Lee Heidhues 2.20.2023
While the Russian aggression continues against Ukraine, the Berlin Film Festival carries on.
One of the political hi-lites of the 2023 Festival is the premier of Sean Penn’s documentary ‘Superpower’.
As the following DW piece indicates this documentary about Volodymyr Zelenskyy was planned before Putin invaded Ukraine a year ago.
The onset of the Russian aggression and Zelenskyy’s leadership makes the film all the more powerful and poignant.
Excerpted from Deutsche Welle 2.18.2023
The actor-director’s highly anticipated documentary about Volodymyr Zelenskyy and the Ukrainians’ fight for democracy has premiered at the Berlin International Film Festival.
Three months before the invasion, Sean Penn and his film production team were already in Ukraine, preparing a documentary that would profile Volodymyr Zelenskyy’s atypical career trajectory from actor-comedian-producer to president.
But that story took an unexpected turn when Russia invaded Ukraine, leading the still relatively inexperienced politician to become a wartime leader.
The ensuing documentary, “Superpower,” co-directed by Sean Penn and Aaron Kaufmann, premiered on Friday at the Berlinale.
The premiere came a day after Penn’s appearance on stage at the film festival’s opening ceremony, where he introduced a live video address by the Ukrainian president.
“Superpower” offers a good introduction to how the comedic superstar, as a Russian-speaking Jew, did not fit into Putin’s propaganda narrative that Ukraine is filled with neo-Nazis who want to deprive the ethnic Russian population of their rights.
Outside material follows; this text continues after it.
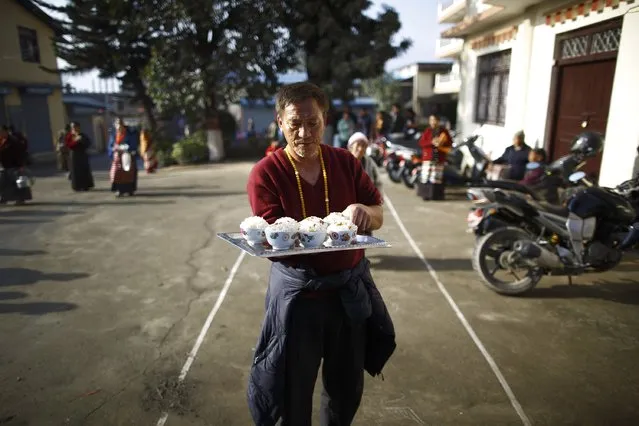 A Tibetan man serves rice during a function organised to mark Losar or the Tibetan New Year at Tibetan Refugee Camp in Lalitpur February 19, 2015. (Photo by Navesh Chitrakar/Reuters)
That didn’t stop the Kremlin from branding Zelenskyy as a Nazi, though.
The film also shows how the Ukrainians’ own perception of Zelenskyy evolved within a few months.
In interviews shot in December 2021, different people admit that they didn’t vote for him, skeptical of his ties to oligarchs as a powerful TV producer, all while accepting that he was still “the lesser of all evils.” A Crimea veteran says the president unfortunately “probably doesn’t have the balls” to face Putin.
But Zelenskyy did become the unifying leader of Ukraine, notably by staying in his country to defend it instead of fleeing, famously declining US President Joe Biden’s offer to help him leave by stating, “I need ammunition, not a ride.”
A year into the conflict, Russia’s continued attacks and the growing number of casualties make it hard to conclusively define the leader’s legacy: “Zelenskyy went beyond expectations, but Russia is not going anywhere,” as one expert interviewed in the film puts it.
But Sean Penn definitely found a figure of hope in Zelenskyy, one he believes should inspire Americans to remember “that their hardwired sense of freedom shouldn’t be taken for granted.”